A Images of MP41 cells treated with each compound for 24 hours. Scale bar = 100 µm. B Heatmap clustering of relative Z’-scores for differences in gene expression per treatment group (n = 3 per condition). C PCA analysis of replicates for each treatment in MP41 cells. D Venn diagram depicting overlaps between the treatment groups of significantly upregulated (Adj. p < 0.05, log2 FC > 1.5) and E downregulated genes in MP41 cells (Adj. p < 0.05, log2 FC < −1.5). F Volcano plot of changes in gene expression in MP41 cells relative to the control for each treatment group. Blue and red dots are the 180 genes found to be consistently dysregulated as a result of eight HDAC inhibitor treatments in iLINCS. Red dots are genes that were consistently upregulated by HDAC inhibitor treatments (n = 77), while blue dots are genes that were consistently downregulated (n = 103). For the HDAC inhibitors considered and transcriptional consensus signatures from which this list was derived, see Supplementary Data 2. For list of genes selected and their direction of change, see Supplementary Data 3. G Heatmap of moderated Z’-score (MODZ) of compounds inducing similar gene expression signatures to MP41 cells treated with romidepsin, quisinostat, and mivebresib using iLINCS connected perturbation analysis. Higher MODZ indicates greater similarity. H Bar graph of the mean correlation coefficient (r) of drugs with each mechanism to BET inhibitors. Error bars represent SEM. I Bar graph of the mean correlation coefficient of drugs with each mechanism to HDAC inhibitors. Error bars represent SEM. For full correlation matrix, see Supplementary Data 4.
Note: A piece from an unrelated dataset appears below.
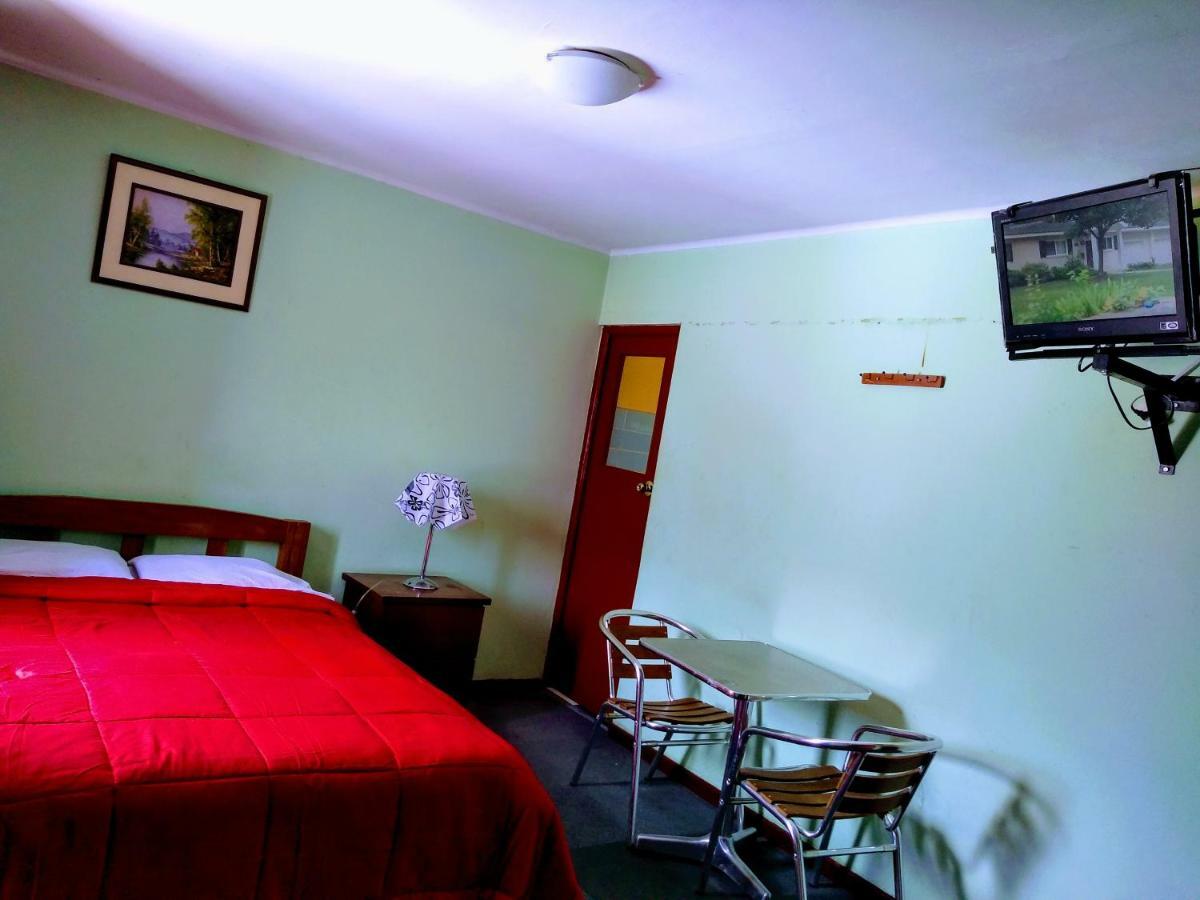 Casa Blanca Hospedaje Huamancaca Esterno foto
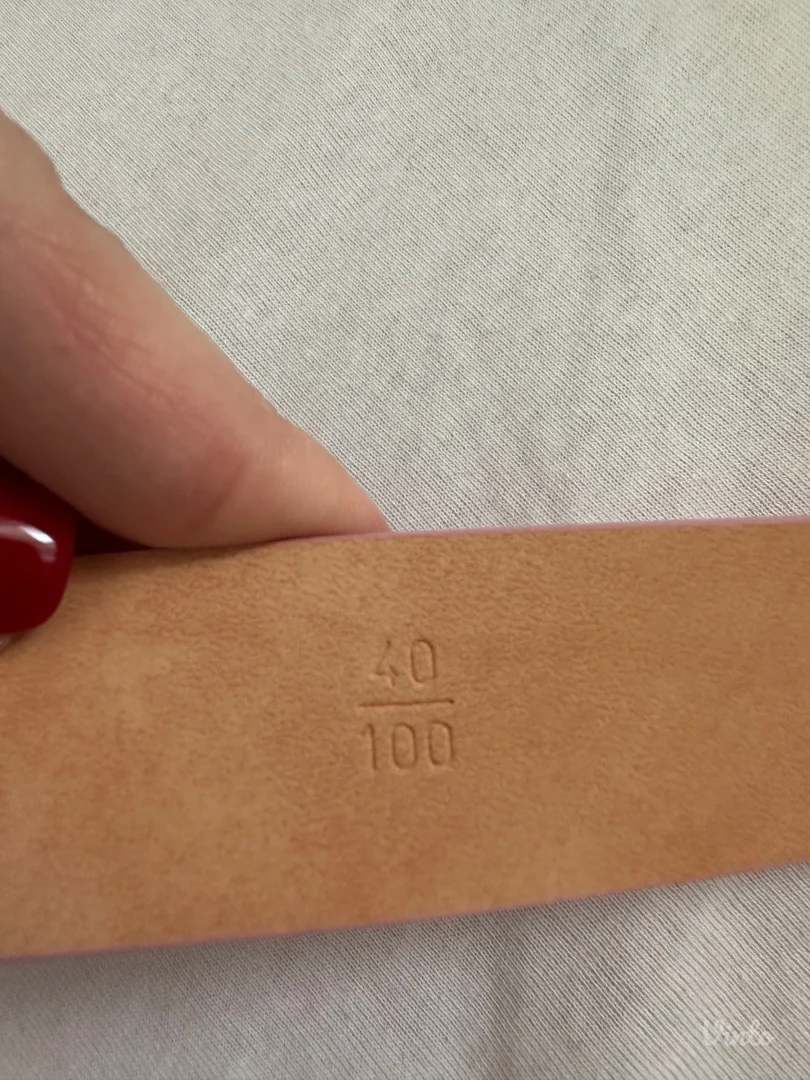 MONA kožni kaiš u ciklama boji (100 cm) – Novo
Despite their different mechanisms, we found a significant overlap in gene expression changes elicited by HDAC and BET inhibitors (Fig. 4D, E; Supplementary Figs. 4D, E and 5D, E). To further investigate this finding, we compiled a list of genes consistently up- and down-regulated by HDAC inhibitors across various cancers using the Library of Integrated Network-based Cellular Signature (iLINCS) [41] database, and found that most of these genes were not only up- and down-regulated by HDAC inhibitor treatments in UM cells, but also following BET inhibition with mivebresib (Fig. 4F; Supplementary Fig. 4E, F). We performed an iLINCS connected perturbations analysis, which included gene signatures from various cancer and cell models, and found that mivebresib treatment of UM cells causes a gene expression shift that is most similar to HDAC inhibitors (Fig. 4G; Supplementary Fig. 4G, I). Similarly, correlation analysis of Transcriptional Consensus Signatures (TCS) across compound classes (Supplementary Data 4) revealed BET inhibition to be most similar to HDAC inhibition (r = 0.1458) (Fig. 4H). HDAC inhibition was also most similar to MEK (r = 0.1494) and BET inhibition (Fig. 4I).
Together, these data show that while BET inhibition may be less toxic and more efficient at reducing the growth of metastatic UM, the gene expression changes elicited by BET and HDAC inhibitors have significant overlap.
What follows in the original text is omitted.